_Given information_:
┏━━

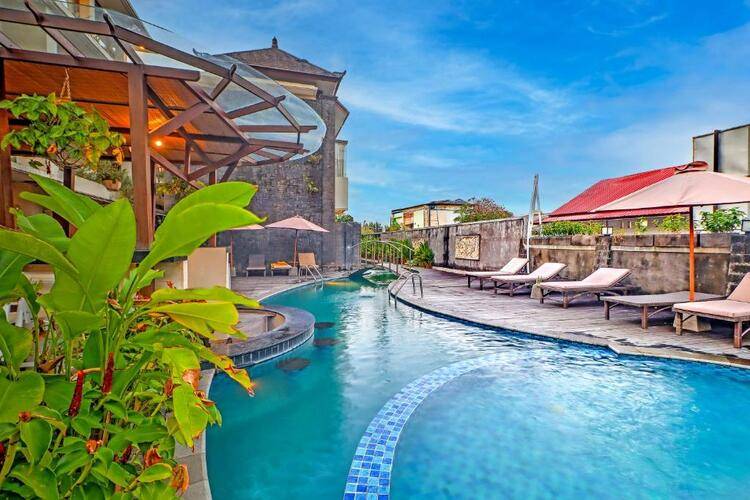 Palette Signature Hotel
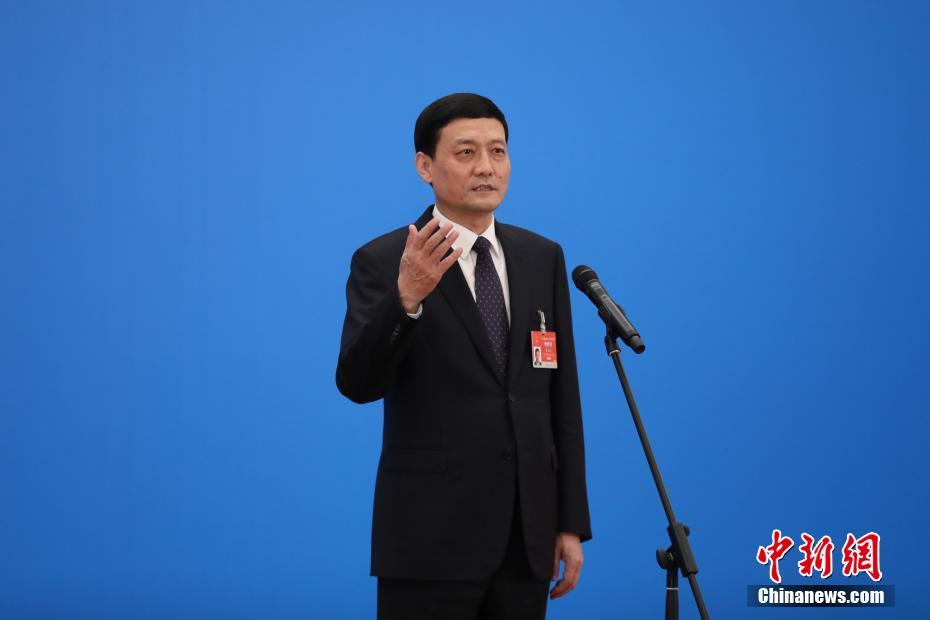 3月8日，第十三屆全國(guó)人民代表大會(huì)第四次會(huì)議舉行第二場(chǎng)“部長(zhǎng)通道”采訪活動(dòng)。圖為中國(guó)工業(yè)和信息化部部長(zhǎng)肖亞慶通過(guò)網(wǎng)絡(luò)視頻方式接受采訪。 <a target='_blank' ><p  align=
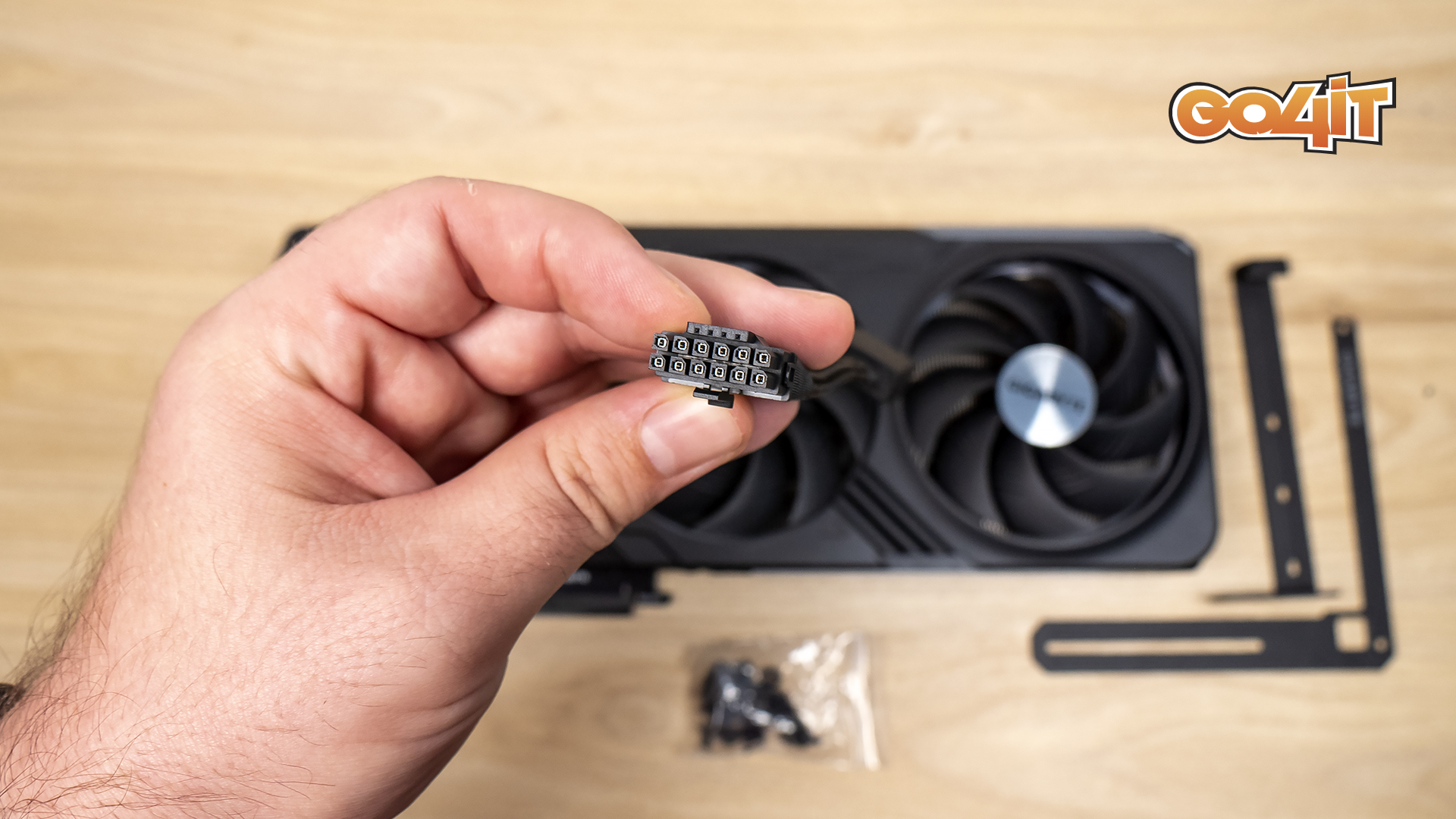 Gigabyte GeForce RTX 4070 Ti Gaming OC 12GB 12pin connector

┗━━

Every line of the data above is to be set down exactly; the pictures are not.

_Finished task_:
 Palette Signature Hotel
 3月8日，第十三屆全國(guó)人民代表大會(huì)第四次會(huì)議舉行第二場(chǎng)“部長(zhǎng)通道”采訪活動(dòng)。圖為中國(guó)工業(yè)和信息化部部長(zhǎng)肖亞慶通過(guò)網(wǎng)絡(luò)視頻方式接受采訪。 <a target='_blank' ><p  align=
 Gigabyte GeForce RTX 4070 Ti Gaming OC 12GB 12pin connector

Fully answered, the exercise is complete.